Imagine these models and associations:
class Deck < ApplicationRecord
has_many :cards
end
class Card < ApplicationRecord
belongs_to :deck, optional: true
end
Now you want to find all Decks without any Card or all Cards without a Deck.
Rails 6.1+
Rails 6.1 introduced a handy method ActiveRecord#missing Show archive.org snapshot to find records without given associations.

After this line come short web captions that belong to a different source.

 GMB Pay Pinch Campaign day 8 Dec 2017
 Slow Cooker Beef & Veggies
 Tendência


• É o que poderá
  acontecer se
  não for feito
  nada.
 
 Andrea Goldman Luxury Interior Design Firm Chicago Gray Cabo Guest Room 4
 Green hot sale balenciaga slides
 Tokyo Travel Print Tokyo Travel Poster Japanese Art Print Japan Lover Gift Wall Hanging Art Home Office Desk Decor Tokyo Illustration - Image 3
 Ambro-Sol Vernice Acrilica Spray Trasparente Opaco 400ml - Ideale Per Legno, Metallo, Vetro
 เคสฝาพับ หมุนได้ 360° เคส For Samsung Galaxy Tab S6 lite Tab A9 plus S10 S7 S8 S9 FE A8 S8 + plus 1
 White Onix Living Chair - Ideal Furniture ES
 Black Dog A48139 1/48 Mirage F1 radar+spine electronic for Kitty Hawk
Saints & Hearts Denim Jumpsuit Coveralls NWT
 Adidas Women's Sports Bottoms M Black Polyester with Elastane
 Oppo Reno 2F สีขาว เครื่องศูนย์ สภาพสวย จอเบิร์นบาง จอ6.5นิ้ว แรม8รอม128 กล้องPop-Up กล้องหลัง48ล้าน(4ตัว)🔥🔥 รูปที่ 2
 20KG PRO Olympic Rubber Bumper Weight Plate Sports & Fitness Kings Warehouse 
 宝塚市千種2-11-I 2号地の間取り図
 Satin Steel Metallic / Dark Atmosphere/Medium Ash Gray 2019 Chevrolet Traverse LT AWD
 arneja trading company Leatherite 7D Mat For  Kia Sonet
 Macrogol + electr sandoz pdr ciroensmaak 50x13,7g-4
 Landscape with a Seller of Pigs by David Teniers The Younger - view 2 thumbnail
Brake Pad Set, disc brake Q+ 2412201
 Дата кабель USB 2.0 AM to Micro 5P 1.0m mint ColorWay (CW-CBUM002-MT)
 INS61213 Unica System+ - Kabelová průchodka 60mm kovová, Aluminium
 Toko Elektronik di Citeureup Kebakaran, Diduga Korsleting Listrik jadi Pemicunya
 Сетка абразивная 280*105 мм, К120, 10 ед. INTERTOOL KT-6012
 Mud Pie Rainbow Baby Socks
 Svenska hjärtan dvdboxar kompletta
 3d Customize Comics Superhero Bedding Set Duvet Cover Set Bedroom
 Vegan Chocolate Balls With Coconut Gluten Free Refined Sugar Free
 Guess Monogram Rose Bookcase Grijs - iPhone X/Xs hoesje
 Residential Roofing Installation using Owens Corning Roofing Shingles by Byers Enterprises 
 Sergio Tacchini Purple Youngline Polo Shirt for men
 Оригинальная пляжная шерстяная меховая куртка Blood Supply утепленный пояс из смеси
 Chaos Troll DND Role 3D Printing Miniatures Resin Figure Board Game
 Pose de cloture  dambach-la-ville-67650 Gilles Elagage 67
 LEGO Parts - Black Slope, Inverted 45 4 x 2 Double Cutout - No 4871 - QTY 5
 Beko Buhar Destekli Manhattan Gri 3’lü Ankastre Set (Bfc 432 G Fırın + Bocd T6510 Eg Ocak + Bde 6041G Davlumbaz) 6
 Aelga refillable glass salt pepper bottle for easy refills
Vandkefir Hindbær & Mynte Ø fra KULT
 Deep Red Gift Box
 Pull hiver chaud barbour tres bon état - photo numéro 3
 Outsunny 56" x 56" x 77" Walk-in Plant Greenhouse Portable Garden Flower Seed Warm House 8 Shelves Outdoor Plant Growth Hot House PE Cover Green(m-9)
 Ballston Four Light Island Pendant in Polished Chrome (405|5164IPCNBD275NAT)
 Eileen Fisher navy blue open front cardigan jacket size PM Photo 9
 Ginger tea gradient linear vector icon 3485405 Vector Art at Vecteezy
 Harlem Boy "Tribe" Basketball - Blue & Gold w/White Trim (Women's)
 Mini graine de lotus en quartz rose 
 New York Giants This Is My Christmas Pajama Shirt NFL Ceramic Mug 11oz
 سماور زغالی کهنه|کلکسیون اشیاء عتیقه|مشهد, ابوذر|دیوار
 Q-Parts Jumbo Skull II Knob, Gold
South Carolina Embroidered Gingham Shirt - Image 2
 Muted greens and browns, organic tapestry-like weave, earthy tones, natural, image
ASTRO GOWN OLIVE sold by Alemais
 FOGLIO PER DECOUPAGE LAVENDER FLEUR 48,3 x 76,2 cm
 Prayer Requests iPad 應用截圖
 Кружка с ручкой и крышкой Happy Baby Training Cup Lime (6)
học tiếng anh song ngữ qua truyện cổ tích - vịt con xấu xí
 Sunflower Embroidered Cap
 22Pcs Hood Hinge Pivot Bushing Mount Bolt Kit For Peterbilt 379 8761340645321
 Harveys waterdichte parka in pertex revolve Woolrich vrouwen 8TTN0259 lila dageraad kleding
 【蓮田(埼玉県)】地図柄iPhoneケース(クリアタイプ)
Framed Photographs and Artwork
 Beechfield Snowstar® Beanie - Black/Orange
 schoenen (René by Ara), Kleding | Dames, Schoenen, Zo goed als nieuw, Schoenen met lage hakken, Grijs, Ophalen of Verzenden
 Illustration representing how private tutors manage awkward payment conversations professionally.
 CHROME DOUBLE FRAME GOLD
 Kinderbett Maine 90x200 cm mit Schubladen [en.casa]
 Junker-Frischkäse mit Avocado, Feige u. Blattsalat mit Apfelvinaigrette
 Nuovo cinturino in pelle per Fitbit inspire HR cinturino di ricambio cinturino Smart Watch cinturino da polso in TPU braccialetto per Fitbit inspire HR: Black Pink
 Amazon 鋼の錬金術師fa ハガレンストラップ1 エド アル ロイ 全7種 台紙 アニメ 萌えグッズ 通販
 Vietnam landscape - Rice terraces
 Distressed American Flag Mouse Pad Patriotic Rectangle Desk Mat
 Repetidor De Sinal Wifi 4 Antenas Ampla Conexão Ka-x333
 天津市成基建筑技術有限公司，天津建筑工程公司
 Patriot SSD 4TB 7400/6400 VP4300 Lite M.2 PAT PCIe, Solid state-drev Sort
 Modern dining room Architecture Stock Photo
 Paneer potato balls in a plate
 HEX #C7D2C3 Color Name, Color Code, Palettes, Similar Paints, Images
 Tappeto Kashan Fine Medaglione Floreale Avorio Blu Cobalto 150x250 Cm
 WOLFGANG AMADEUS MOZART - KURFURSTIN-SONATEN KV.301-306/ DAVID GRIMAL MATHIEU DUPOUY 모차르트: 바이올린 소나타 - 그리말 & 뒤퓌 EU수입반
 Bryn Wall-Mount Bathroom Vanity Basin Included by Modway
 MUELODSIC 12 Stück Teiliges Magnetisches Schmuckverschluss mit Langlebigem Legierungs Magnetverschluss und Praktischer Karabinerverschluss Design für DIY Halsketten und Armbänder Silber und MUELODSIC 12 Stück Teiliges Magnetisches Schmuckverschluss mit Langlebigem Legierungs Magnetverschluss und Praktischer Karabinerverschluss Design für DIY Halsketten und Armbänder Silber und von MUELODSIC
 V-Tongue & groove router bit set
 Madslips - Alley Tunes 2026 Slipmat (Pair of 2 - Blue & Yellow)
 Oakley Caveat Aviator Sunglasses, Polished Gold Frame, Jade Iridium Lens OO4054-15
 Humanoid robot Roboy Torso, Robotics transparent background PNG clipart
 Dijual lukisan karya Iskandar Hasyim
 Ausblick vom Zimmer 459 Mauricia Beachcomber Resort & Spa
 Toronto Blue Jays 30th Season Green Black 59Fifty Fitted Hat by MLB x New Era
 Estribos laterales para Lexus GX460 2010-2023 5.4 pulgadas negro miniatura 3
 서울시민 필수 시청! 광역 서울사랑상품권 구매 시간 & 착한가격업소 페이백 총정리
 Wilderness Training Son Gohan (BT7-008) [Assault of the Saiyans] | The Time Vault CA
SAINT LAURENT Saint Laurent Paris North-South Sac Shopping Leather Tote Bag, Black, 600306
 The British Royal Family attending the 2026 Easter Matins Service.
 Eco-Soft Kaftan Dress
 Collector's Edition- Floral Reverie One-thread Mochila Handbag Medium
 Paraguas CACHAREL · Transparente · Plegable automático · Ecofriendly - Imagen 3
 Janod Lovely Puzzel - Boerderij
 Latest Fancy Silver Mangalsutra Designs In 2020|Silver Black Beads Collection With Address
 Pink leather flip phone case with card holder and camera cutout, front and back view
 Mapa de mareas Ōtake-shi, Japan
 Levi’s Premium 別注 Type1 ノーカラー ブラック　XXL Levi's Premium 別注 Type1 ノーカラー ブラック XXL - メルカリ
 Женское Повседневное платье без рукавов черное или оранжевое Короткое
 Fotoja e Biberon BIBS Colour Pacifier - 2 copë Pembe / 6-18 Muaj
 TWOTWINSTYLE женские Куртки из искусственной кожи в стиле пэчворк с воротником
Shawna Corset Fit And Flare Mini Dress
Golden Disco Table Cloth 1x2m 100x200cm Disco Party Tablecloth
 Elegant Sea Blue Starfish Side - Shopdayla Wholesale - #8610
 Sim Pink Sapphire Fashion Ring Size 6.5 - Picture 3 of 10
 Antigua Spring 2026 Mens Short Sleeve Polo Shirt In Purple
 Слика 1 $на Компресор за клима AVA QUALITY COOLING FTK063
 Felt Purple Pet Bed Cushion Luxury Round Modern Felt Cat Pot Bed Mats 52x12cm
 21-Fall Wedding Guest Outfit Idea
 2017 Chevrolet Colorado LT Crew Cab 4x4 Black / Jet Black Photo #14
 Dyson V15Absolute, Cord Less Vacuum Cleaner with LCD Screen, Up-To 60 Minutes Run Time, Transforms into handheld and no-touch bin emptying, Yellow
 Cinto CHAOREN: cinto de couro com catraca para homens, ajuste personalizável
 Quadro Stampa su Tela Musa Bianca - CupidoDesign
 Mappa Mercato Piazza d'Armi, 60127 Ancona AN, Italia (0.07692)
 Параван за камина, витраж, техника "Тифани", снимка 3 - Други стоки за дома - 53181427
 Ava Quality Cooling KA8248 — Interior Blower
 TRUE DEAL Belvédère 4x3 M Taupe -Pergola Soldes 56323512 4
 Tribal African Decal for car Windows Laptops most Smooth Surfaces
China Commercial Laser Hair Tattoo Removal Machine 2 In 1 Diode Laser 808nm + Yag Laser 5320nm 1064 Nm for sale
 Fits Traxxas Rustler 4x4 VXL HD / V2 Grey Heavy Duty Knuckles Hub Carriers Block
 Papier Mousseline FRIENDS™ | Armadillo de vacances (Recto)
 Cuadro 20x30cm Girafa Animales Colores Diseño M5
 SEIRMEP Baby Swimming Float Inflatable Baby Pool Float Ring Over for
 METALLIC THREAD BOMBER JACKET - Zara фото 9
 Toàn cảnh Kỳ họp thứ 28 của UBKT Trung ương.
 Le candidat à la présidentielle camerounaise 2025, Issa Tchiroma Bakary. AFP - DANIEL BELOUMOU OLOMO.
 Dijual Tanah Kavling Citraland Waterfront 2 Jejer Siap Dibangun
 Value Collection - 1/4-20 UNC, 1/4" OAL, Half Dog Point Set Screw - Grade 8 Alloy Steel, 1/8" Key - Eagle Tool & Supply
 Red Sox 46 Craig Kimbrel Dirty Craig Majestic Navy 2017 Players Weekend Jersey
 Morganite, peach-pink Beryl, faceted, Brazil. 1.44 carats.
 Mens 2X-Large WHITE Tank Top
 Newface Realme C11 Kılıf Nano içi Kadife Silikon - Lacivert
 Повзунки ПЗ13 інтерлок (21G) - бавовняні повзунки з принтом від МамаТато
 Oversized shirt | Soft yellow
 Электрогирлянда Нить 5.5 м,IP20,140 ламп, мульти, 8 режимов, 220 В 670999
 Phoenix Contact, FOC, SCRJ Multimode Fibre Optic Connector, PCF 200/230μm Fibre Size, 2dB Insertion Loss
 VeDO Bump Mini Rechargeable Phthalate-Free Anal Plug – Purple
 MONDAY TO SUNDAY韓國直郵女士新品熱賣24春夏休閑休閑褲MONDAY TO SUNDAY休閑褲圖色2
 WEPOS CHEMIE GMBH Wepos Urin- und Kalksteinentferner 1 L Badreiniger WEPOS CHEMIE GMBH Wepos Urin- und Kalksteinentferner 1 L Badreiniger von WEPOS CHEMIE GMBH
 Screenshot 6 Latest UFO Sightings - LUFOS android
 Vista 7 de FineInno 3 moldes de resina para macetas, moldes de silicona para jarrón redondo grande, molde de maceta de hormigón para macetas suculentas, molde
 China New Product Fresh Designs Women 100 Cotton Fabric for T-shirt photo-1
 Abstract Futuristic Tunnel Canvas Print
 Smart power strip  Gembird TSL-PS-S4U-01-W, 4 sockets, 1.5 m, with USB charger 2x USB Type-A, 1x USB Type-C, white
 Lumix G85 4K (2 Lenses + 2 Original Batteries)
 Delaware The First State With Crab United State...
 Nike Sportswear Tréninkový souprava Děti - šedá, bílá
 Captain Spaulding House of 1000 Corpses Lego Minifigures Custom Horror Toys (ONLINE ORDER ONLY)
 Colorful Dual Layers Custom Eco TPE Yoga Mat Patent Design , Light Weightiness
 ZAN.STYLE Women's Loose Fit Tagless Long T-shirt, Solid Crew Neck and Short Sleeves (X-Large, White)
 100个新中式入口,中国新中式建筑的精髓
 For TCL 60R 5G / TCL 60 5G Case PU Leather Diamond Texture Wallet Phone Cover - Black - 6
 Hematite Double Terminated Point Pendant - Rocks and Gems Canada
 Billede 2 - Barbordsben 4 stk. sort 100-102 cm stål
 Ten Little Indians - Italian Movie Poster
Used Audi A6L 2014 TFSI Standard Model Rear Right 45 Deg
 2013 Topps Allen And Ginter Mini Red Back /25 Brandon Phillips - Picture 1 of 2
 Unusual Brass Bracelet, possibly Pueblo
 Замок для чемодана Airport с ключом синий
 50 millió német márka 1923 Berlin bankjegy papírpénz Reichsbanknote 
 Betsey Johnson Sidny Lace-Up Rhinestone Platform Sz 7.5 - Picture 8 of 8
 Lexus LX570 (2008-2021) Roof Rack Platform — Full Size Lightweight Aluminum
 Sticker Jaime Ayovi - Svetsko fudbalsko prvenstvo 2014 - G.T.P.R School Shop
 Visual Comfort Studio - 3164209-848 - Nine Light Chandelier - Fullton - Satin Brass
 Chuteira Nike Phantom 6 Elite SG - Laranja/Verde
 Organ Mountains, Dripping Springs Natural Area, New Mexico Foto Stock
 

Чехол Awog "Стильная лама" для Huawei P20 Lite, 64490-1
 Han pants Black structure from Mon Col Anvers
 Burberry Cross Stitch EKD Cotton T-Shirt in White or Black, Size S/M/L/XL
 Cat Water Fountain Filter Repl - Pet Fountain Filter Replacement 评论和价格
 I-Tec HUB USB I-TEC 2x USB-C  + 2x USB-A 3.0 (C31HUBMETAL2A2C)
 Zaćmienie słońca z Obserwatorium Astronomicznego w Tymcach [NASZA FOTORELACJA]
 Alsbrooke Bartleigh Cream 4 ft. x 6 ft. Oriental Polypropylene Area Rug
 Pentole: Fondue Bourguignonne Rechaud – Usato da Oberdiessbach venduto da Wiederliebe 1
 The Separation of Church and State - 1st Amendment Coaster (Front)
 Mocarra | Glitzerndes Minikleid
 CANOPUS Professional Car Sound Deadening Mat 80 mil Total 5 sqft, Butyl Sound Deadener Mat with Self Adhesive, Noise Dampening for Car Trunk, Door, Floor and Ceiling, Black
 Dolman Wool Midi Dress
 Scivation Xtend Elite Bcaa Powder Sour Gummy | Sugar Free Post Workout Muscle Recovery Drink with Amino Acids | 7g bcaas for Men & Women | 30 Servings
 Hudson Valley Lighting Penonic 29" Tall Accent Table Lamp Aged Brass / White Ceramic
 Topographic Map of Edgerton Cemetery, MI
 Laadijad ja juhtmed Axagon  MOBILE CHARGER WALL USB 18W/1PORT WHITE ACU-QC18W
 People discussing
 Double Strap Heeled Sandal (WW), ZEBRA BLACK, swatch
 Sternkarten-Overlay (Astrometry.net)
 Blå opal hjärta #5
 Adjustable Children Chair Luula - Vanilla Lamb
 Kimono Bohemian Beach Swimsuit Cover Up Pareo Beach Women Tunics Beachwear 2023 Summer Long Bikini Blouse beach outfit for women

Deck.where.missing(:cards)
SELECT "decks".*
FROM "decks"
LEFT OUTER JOIN "cards"
ON "cards"."deck_id" = "decks"."id"
WHERE "cards"."id" IS NULL
Card.where.missing(:deck)
SELECT "cards".*
FROM "cards"
LEFT OUTER JOIN "decks"
ON "decks"."id" = "cards"."deck_id"
WHERE "decks"."id" IS NULL
Older Rails versions
If you don't have Rails 6.1 yet, you can use this not-so-intuitive syntax for the same results:
Deck.left_joins(:cards).where(cards: {id: nil})
SELECT "decks".*
FROM "decks"
LEFT OUTER JOIN "cards"
ON "cards"."deck_id" = "decks"."id"
WHERE "cards"."id" IS NULL
Card.left_joins(:deck).where(decks: {id: nil})
SELECT "cards".*
FROM "cards"
LEFT OUTER JOIN "decks"
ON "decks"."id" = "cards"."deck_id"
WHERE "decks"."id" IS NULL
Posted by Michael Leimstädtner to makandra dev (2022-05-13 07:47)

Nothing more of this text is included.